• _REQUIREMENT_
Reproduce all of the entries below exactly, without images.

• _DATA SHOWN_
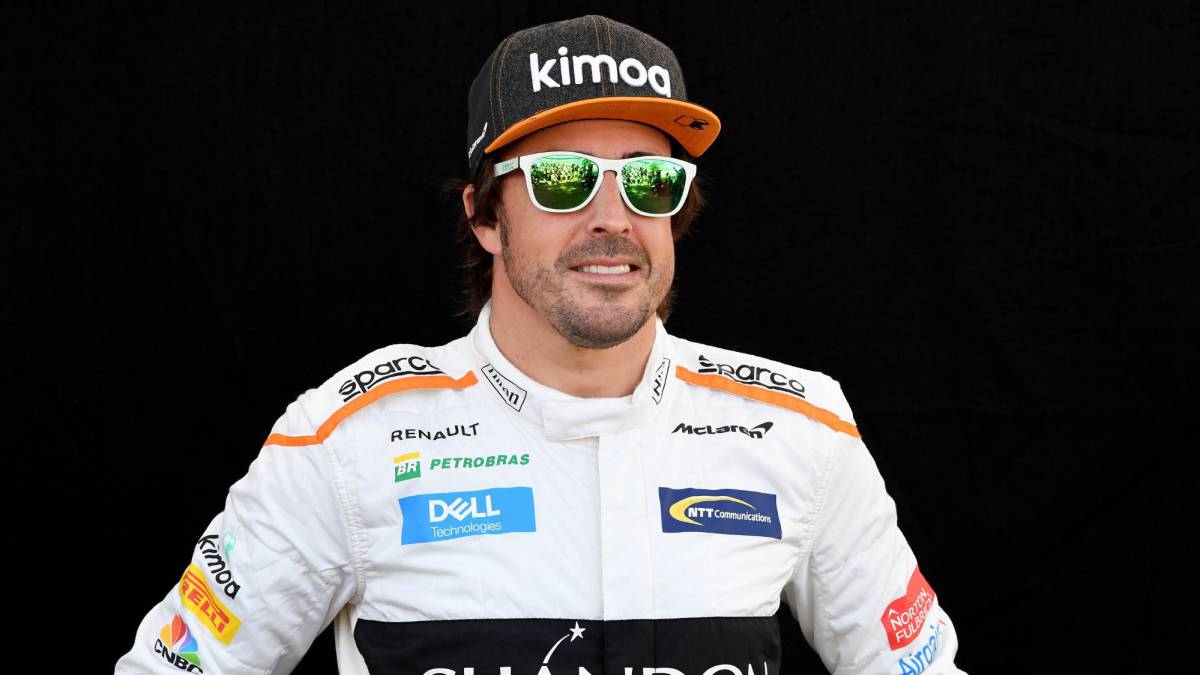 Alonso, optimista: "Miramos más a los tres de arriba"
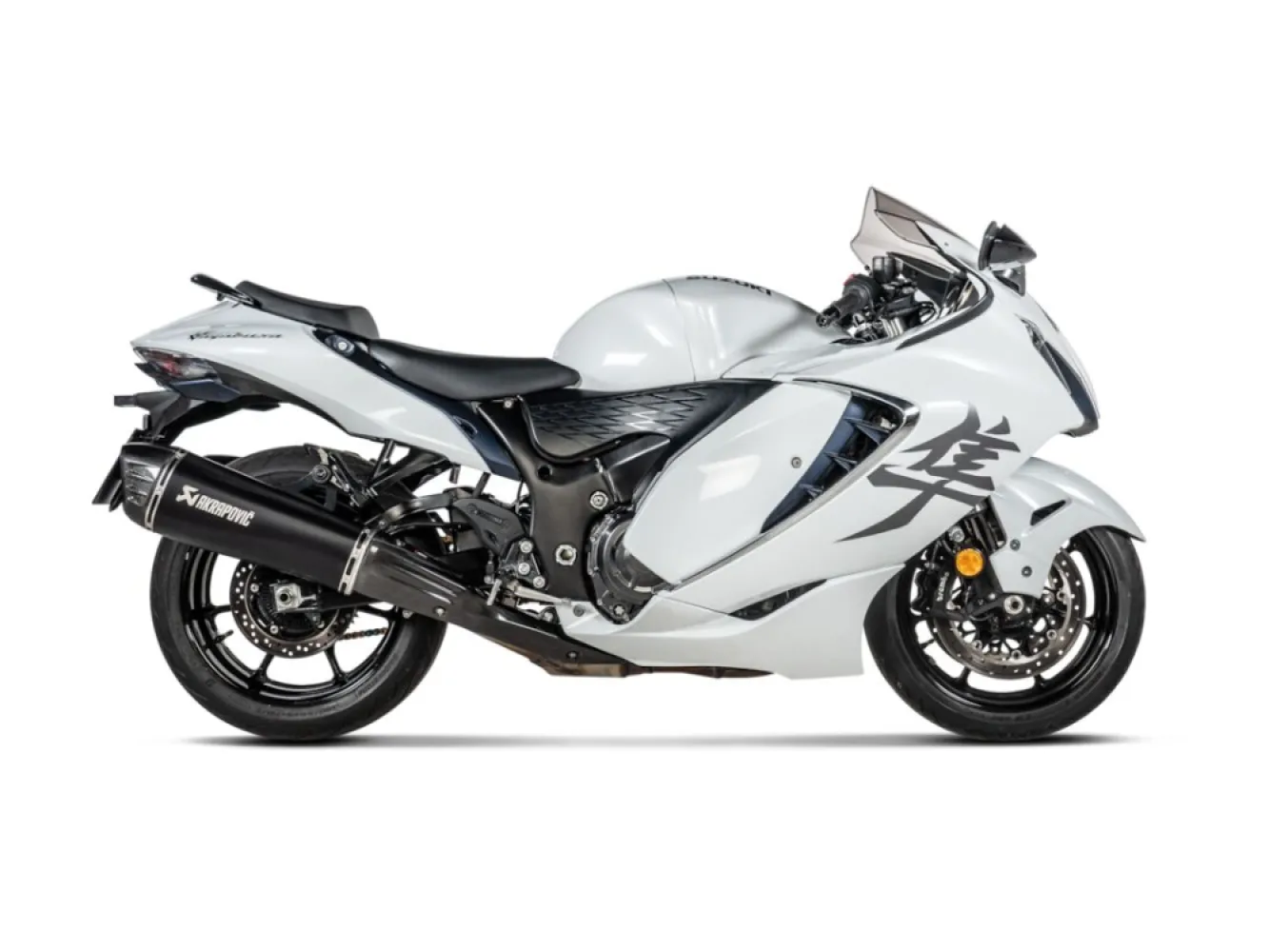 AKRAPOVIC - MUFFLER SLIP-ON TITANIUM/CARBO - 18114838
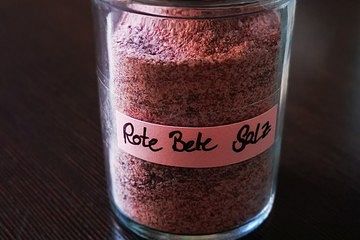 Rote-Bete - Salz
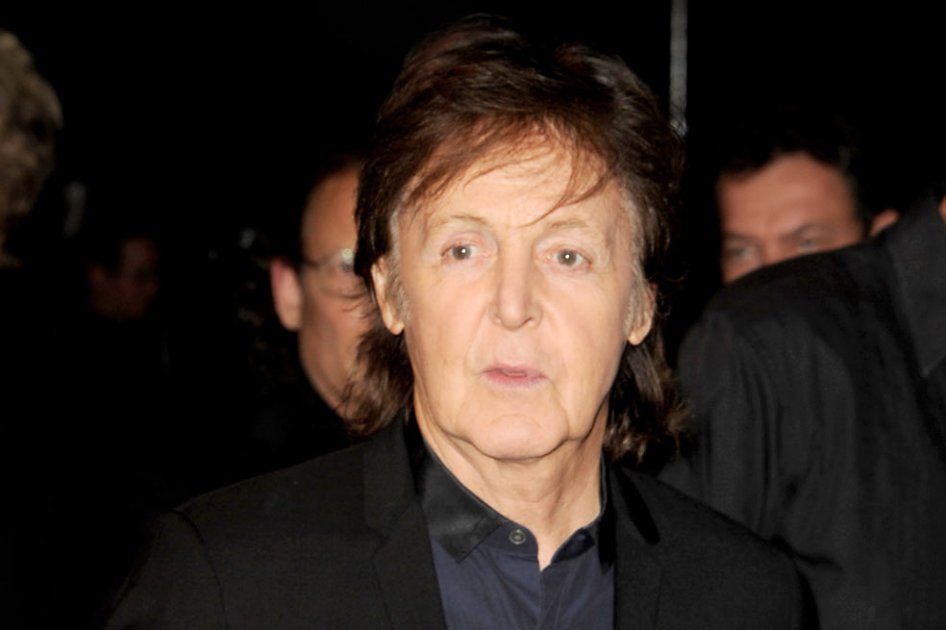 Paul McCartney.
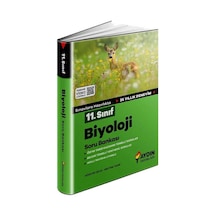 Aydın Yayınları 11. Sınıf Biyoloji Soru Bankası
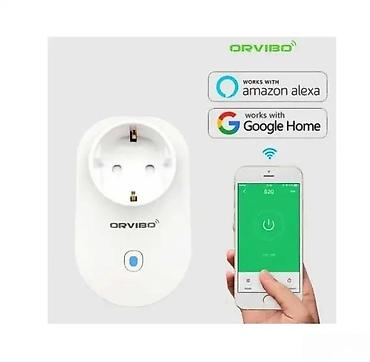Utikači: ORVIBO Wi‑Fi pametna utičnica - Daljinsko upravljanje putem — 2
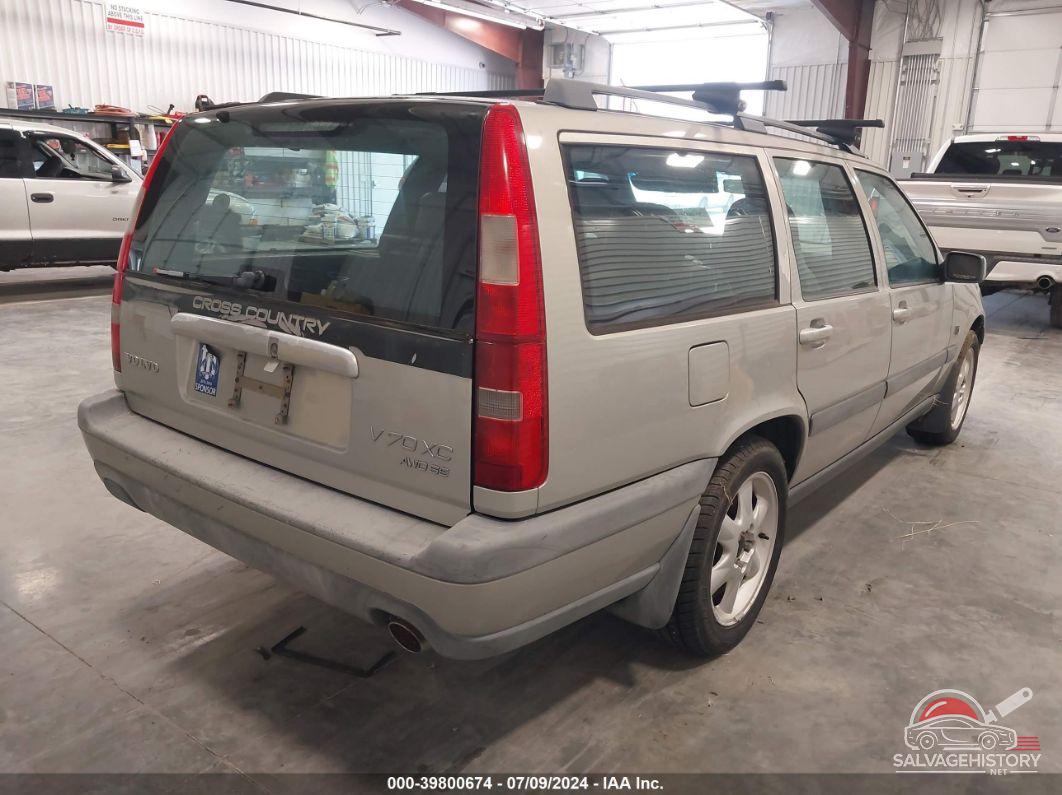 YV1LZ56DXY2725299 2000 VOLVO V70 photo no. 4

• _ANSWER AREA_
 Alonso, optimista: "Miramos más a los tres de arriba"
 AKRAPOVIC - MUFFLER SLIP-ON TITANIUM/CARBO - 18114838
 Rote-Bete - Salz
 Paul McCartney.
 Aydın Yayınları 11. Sınıf Biyoloji Soru Bankası
Utikači: ORVIBO Wi‑Fi pametna utičnica - Daljinsko upravljanje putem — 2
 YV1LZ56DXY2725299 2000 VOLVO V70 photo no. 4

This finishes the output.